Hyperliquid [HYPE] set a new all-time high at $44, an eventuality that rising whale inflows and rising Open Interest pointed toward. The 90-day spot CVD data showed buyer dominance, which should encourage buyers.

With a Bitcoin [BTC] dip underway, it was possible that HYPE would see a reset. The divergence witnessed on the 3-day chart strengthened the likelihood of a deeper retracement.

Sustained demand in recent months meant that a dip might not last long or go too deep.

Hyperliquid maintains its bullish structure across timeframes

HYPE 3-day Chart

Source: HYPE/USDT on TradingView

The 3-day chart showed a clear bullish bias for Hyperliquid. Its rally beyond the early January high at $27.2 was a sign of bullish intent.

Over the past month, the same level was retested as a demand zone, and HYPE rallied another 48% in 24 days.

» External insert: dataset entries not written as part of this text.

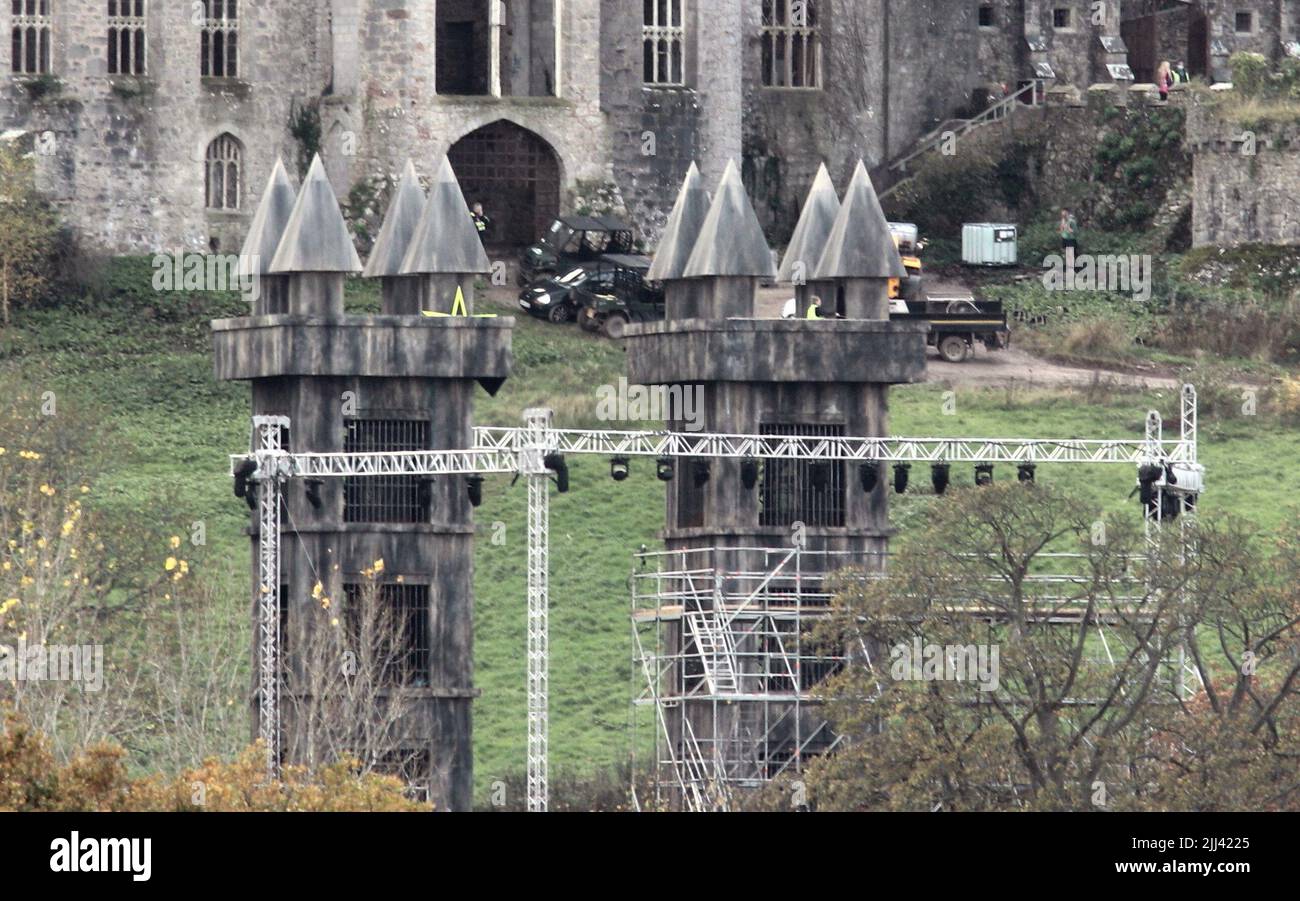 Die Vorbereitungen laufen, während die Produktionsmitarbeiter das Set für ITV's 2021 "I'm A Celebrity...Get me out of here" im Gwrych Castle in Abergele, Wales vorbereiten.Featuring: Atmosphere wo: Abergele, Vereinigtes Königreich Wann: 15 Nov 2021 Credit: WENN Stockfoto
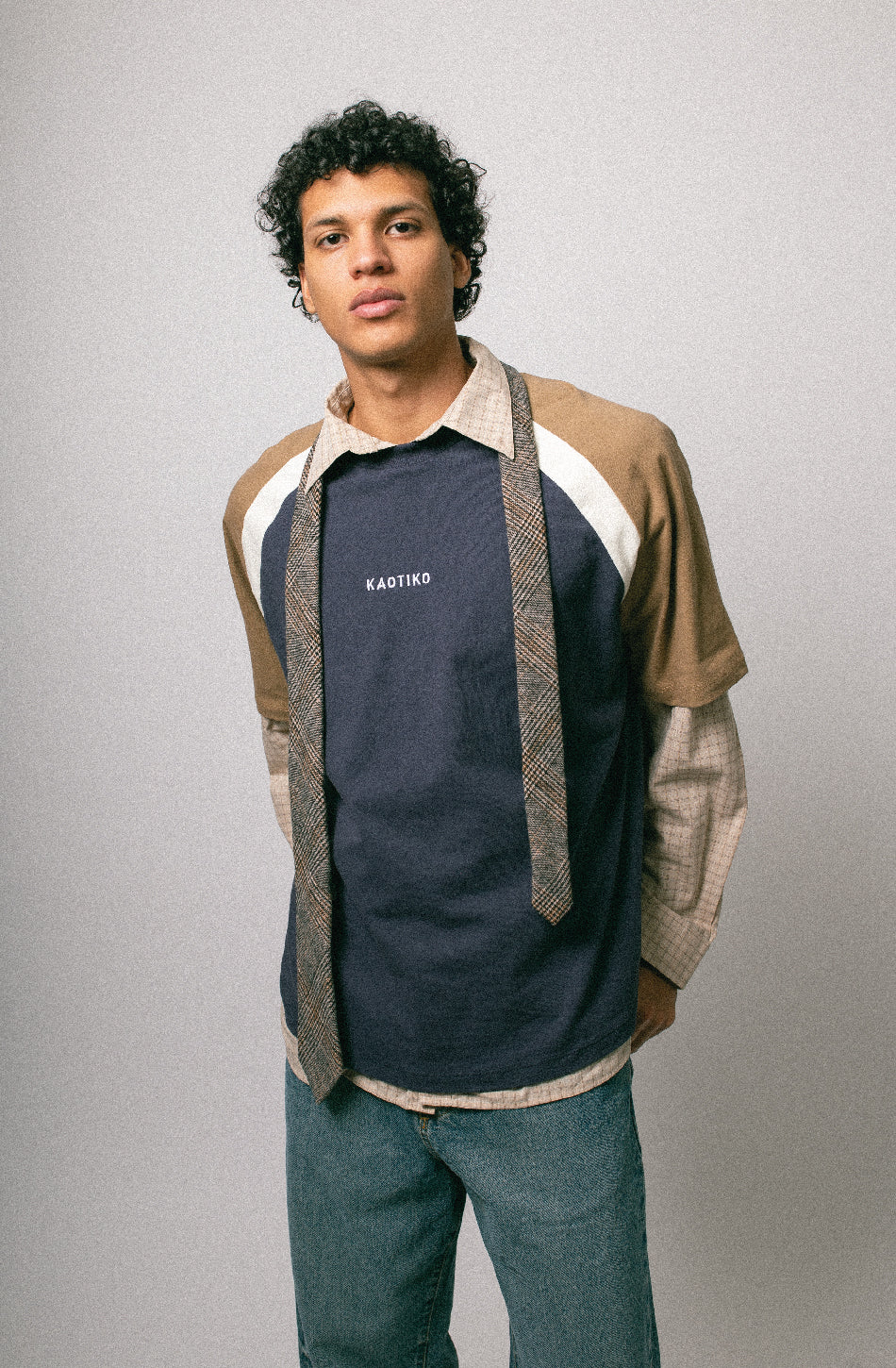T-shirt court Lennox bleu marine/camel 
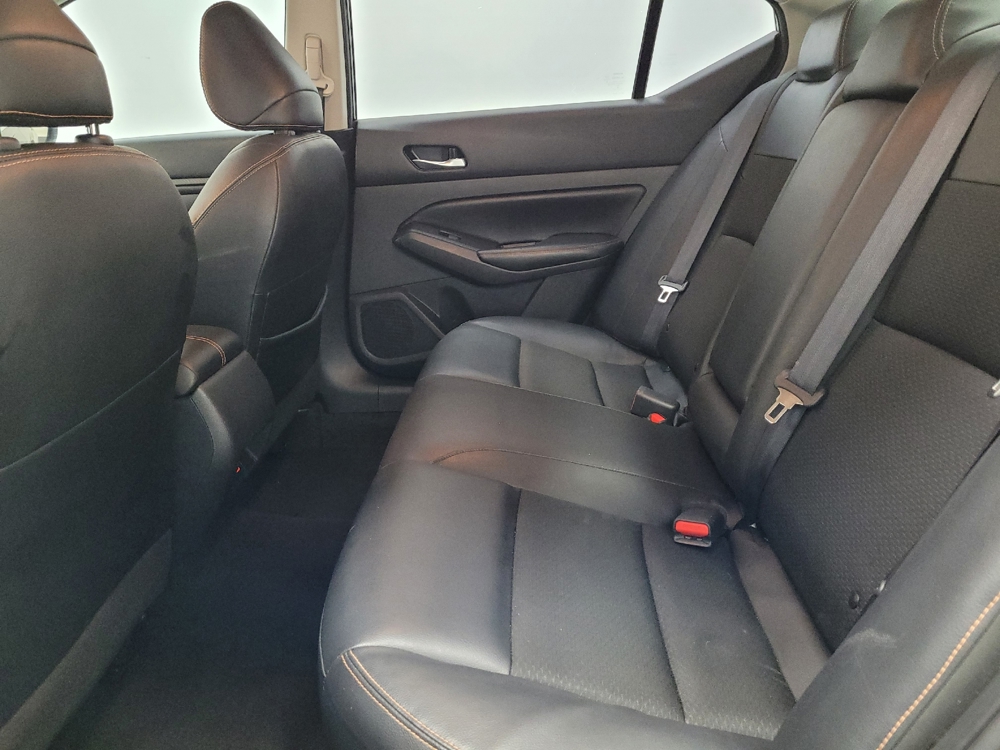 2022 Nissan Altima SR - Photo 14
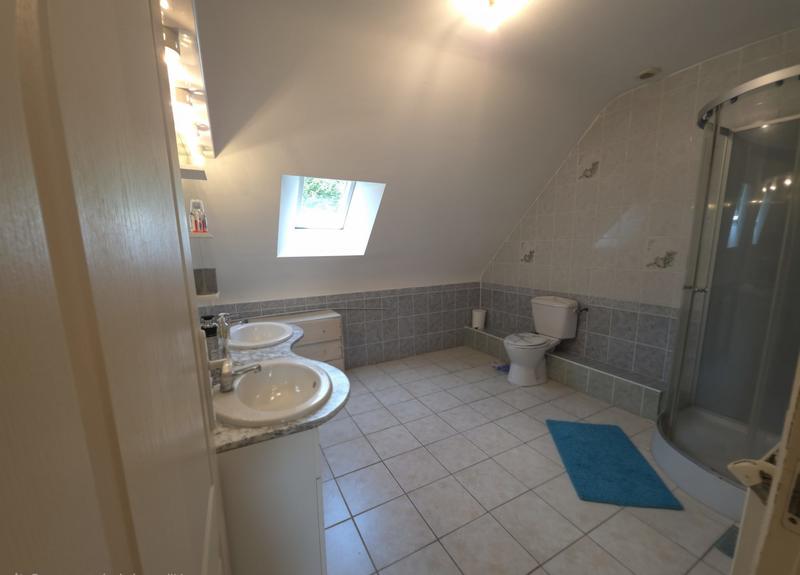 Maison contemporaine - 167 m² - 9 pièces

The volume bars have trended downward over the past month, seen by the dip in the 20 DMA of the volume. In an uptrend, this could be a warning sign of overextension.

Hyperliquid might be forced to consolidate in the coming weeks.

This idea was reinforced by the bearish divergence on the 3-day chart. The RSI made lower highs from the 25th of May, while the price made higher highs.

It was a classic bearish divergence with the momentum and was an early clue of a retracement.

HYPE 4-hour chart

Source: HYPE/USDT on TradingView

On the 4-hour chart, the retracement appeared to be underway. The H4 market structure was firmly bullish, but momentum has receded toward neutral, as seen on the RSI.

The OBV did not show overwhelming selling pressure yet.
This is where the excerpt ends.